# Nirvana seeds



## newgrowth (Jun 6, 2007)

I just placed an order for Skunk special and white widow, est time of delivery is 10 to 15 working days, I'll post a update when I recieve them and leave a review of how it goes. Fingers crossed...


----------



## BSki8950 (Jun 6, 2007)

i am very confident in nirvanas seeds you will get them


----------



## g-13 (Jun 6, 2007)

thats where i get mine they are really quick


----------



## newgrowth (Jun 6, 2007)

I'm encouraged to hear good things about them, I did read alot of reviews and post's before I ordered and it seemed like a good one to try, I like the pricing too. One thing I don't get about the seed bank reviews and it seems like it happens alot, there will be like 20 or 30 great reviews and then 1 that will say they never got seeds, never recieved emails back, its a scam don't buy from them.ect ect.Sounds like someone with a agenda.Any way I got email confirmation that my order was being processed, so that was cool, I'm looking forward to growing some nice bud.


----------



## Mr.Wakenbake (Jun 6, 2007)

Nirvana is pretty good on their word. I ordered straight from them when i got my WW seeds. Okay smoke for the $ you spend on it..way better than bagseed.

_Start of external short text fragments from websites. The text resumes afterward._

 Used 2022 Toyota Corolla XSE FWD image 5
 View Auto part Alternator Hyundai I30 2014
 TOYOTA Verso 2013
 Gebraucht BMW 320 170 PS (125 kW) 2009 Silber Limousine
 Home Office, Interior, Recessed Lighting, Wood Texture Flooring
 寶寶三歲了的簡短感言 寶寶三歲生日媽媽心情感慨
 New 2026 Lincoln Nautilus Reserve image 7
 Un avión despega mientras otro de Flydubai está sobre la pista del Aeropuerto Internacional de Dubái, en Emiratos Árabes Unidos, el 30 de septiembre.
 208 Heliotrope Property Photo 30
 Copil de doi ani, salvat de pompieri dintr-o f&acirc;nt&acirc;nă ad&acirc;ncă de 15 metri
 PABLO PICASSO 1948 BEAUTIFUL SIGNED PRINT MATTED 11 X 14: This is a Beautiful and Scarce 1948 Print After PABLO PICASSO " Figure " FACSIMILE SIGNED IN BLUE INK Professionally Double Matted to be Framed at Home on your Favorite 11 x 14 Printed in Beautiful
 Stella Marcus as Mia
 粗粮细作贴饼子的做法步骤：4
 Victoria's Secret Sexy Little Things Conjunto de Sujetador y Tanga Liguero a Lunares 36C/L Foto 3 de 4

Good germ rate on them but bad male to female ratio.. i got 2 fems out of 10 plants.Anyways good luck and they will arrive stealthy.


----------



## ericsdaweedman (Jun 7, 2007)

Iv'e ordered well my brother has ordered there a good 4-5 times and everything went smooth and fast he says he reccomends this to everyone.


----------



## newgrowth (Jun 16, 2007)

Recieved my seeds from Nirvana. Not bad 10 days . I'd recommend them at this point, Details on how the seeds perform later.


----------